**REQUIRED ACTION**
In the copy, every line of the material that follows must appear exactly, and no pictures should.

**DATA EXTRACT**
▼

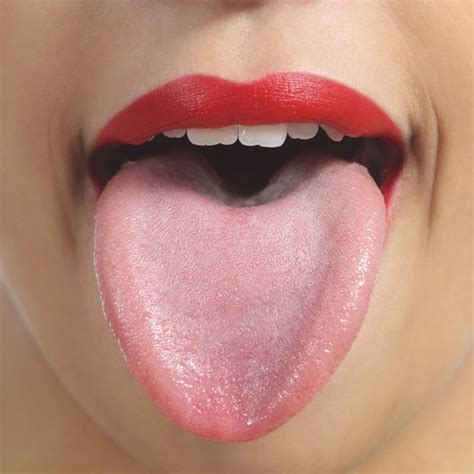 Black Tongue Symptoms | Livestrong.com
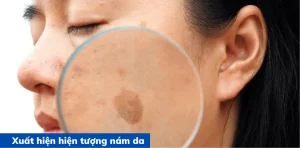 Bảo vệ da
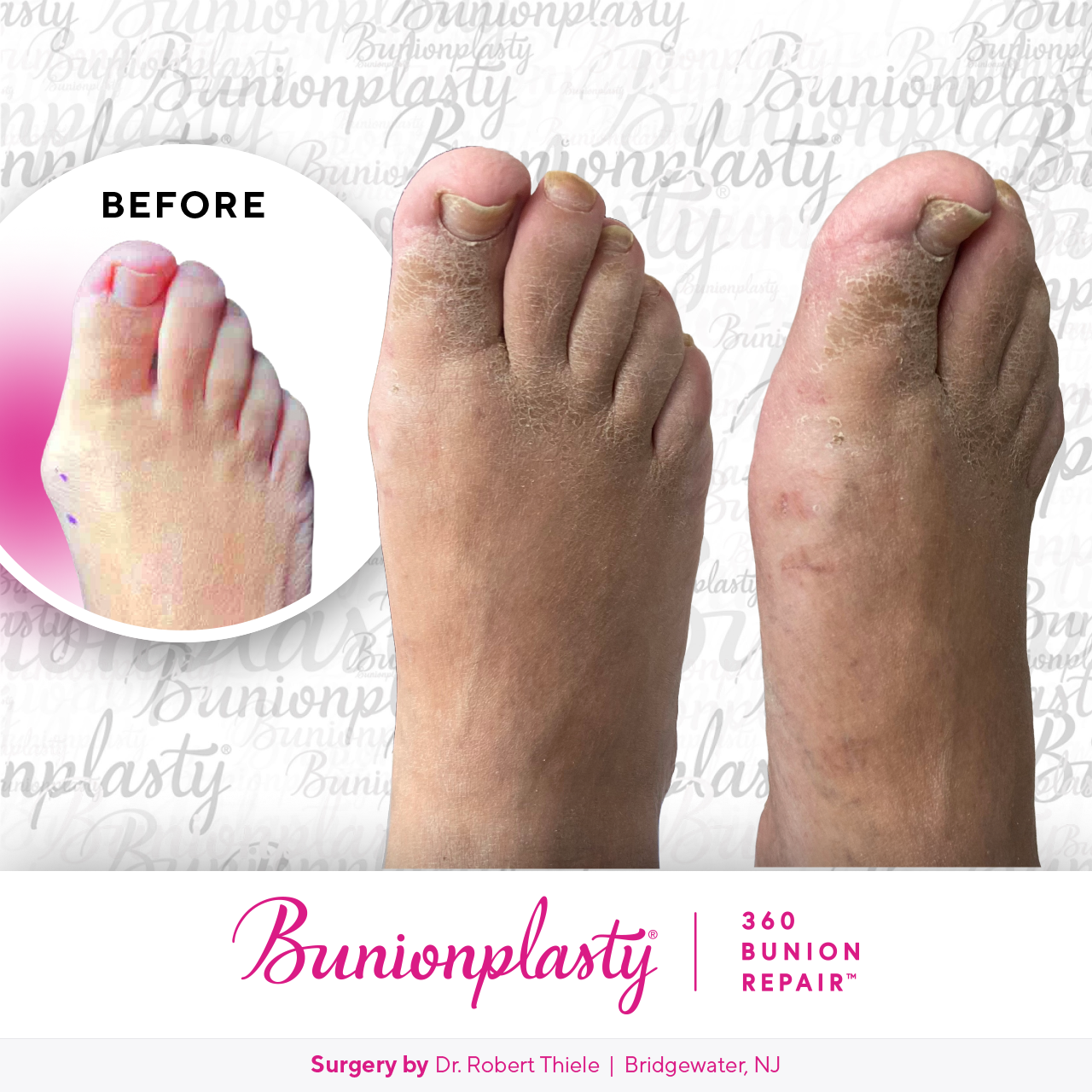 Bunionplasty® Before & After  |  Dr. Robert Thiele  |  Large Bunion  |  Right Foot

▲

**ANSWER BOX**
 Black Tongue Symptoms | Livestrong.com
 Bảo vệ da
 Bunionplasty® Before & After  |  Dr. Robert Thiele  |  Large Bunion  |  Right Foot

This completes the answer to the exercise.